On this subject, it is impossible for me to advance anything new. It was exhausted by Mr. Madison, in the debate of 1789, in the House of Representatives. I am confident the Senate will indulge me whilst I read two extracts from his speeches on that occasion, delivered on the 16th and 17th June, 1789. The first was delivered on the 16th June, 1789, and is as follows:
“By a strict examination of the Constitution, on what appears to be its true principles, and considering the great departments of the Government in the relation they have to each other, I have my doubts whether we are not absolutely tied down to the construction declared in the bill. In the first section of the first article, it is said that all legislative powers herein granted shall be vested in a Congress of the United States. In the second article, it is affirmed that the executive power shall be vested in a President of the United States of America. In the third article, it is declared that the judicial power of the United States shall be vested in one Supreme Court; and in such inferior courts as Congress may, from time to time, ordain and establish.
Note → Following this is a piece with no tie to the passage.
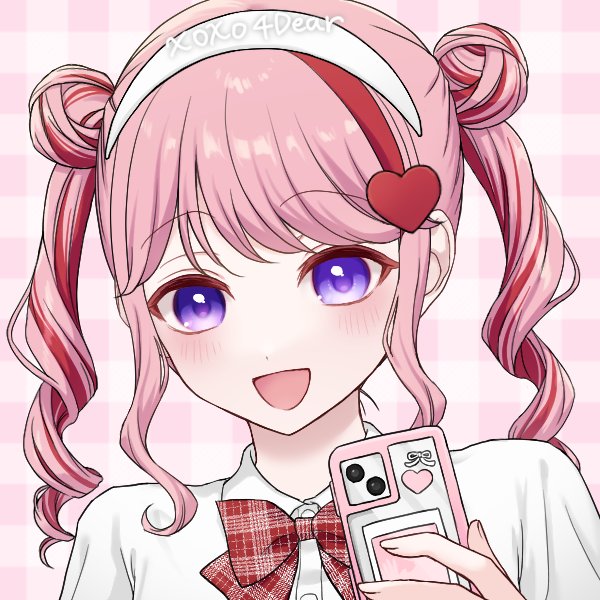 🥕🩷🩵恋雪いちご🌸🐈‍⬛ on X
“I suppose it will be readily admitted, that so far as the Constitution has separated the powers of these great departments, it would be improper to combine them together; and so far as it has left any particular department in the entire possession of the powers incident to that department, I conceive we ought not to qualify them further than they are qualified by the Constitution. The legislative powers are vested in Congress, and are to be exercised by them uncontrolled by any other department, except the Constitution has qualified it otherwise. The Constitution has qualified the legislative power, by authorizing the President to object to any act it may pass, requiring, in this case, two-thirds of both Houses to concur in making a law; but still the absolute legislative power is vested in the Congress with this qualification alone.
“The Constitution affirms, that the executive power shall be vested in the President. Are there exceptions to this proposition? Yes, there are. The Constitution says, that in appointing to office, the Senate shall be associated with the President, unless in case of inferior officers, when the law shall otherwise direct. Have we a right to extend this exception? I believe not. If the Constitution had invested all executive power in the President, I venture to assert that the Legislature has no right to diminish or modify his executive authority.”
Again:
“The doctrine, however, which seems to stand most in opposition to the principles I contend for, is, that the power to annul an appointment is, in the nature of things, incidental to the power which makes the appointment. I agree that if nothing more was said in the Constitution than that the President, by and with the advice and consent of the Senate, should appoint to office, there would be great force in saying that the power of removal resulted by a natural implication from the power of appointing. But there is another part of the Constitution, no less explicit than the one on which the gentleman’s doctrine is founded; it is that part which declares that the executive power shall be vested in a President of the United States.